====== Source data

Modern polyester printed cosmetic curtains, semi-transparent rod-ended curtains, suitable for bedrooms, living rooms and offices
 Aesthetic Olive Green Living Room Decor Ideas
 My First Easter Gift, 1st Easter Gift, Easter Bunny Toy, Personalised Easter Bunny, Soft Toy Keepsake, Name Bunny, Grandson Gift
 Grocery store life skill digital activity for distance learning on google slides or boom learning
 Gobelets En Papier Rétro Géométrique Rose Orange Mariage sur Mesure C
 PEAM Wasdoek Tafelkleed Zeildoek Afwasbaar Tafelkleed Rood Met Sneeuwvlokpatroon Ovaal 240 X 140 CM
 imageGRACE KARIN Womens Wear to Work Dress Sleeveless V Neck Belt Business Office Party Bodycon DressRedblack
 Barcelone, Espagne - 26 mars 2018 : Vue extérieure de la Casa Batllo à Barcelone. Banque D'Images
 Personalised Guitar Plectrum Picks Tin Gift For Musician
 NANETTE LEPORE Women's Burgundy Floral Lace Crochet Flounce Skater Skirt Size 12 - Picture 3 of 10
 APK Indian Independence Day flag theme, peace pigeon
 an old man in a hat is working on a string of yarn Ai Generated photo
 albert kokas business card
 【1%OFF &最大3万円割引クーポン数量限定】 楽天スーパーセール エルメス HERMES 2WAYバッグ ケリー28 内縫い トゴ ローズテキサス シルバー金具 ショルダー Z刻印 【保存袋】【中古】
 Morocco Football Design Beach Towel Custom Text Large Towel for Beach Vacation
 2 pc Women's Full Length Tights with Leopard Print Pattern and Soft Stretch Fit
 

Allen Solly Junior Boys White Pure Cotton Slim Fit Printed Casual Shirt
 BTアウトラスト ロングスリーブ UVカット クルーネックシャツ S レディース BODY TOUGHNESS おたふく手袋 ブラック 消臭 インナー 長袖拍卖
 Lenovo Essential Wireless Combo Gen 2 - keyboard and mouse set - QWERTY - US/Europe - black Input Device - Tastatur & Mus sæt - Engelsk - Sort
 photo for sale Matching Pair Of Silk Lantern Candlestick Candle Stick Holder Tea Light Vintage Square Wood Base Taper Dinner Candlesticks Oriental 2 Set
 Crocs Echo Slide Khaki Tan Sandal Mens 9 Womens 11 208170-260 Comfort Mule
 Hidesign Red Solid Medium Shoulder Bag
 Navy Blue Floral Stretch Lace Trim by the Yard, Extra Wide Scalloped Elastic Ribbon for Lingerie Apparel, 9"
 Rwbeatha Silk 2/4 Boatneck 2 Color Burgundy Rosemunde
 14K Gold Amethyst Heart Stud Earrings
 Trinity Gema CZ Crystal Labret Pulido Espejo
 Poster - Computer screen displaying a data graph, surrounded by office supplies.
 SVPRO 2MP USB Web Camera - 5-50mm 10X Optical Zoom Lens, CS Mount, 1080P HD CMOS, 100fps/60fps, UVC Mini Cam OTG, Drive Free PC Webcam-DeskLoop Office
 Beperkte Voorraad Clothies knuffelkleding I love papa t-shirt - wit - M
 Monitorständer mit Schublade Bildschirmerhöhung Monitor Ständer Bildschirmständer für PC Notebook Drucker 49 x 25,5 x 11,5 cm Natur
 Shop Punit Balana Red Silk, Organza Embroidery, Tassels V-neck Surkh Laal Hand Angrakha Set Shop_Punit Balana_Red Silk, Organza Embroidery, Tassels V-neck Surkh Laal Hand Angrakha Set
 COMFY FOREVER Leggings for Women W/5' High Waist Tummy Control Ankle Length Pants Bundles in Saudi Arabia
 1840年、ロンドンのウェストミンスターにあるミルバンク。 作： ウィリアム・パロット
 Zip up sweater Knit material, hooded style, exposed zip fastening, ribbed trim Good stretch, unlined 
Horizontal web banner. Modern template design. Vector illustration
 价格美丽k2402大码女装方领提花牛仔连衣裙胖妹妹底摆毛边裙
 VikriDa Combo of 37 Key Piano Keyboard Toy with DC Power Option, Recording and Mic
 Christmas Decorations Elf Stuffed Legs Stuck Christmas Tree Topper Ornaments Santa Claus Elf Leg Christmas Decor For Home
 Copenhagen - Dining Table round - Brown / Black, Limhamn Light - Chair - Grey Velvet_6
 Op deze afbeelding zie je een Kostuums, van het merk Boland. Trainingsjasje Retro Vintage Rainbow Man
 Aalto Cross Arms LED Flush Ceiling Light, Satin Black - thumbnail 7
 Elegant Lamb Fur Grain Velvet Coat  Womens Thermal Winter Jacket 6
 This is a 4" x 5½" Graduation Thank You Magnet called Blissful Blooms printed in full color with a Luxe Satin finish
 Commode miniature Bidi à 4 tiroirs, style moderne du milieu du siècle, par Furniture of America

============

◆ **Work to complete**
Return the lines of the listing where the string "Length" appears.

◆ **Written answer**
 2 pc Women's Full Length Tights with Leopard Print Pattern and Soft Stretch Fit
 COMFY FOREVER Leggings for Women W/5' High Waist Tummy Control Ankle Length Pants Bundles in Saudi Arabia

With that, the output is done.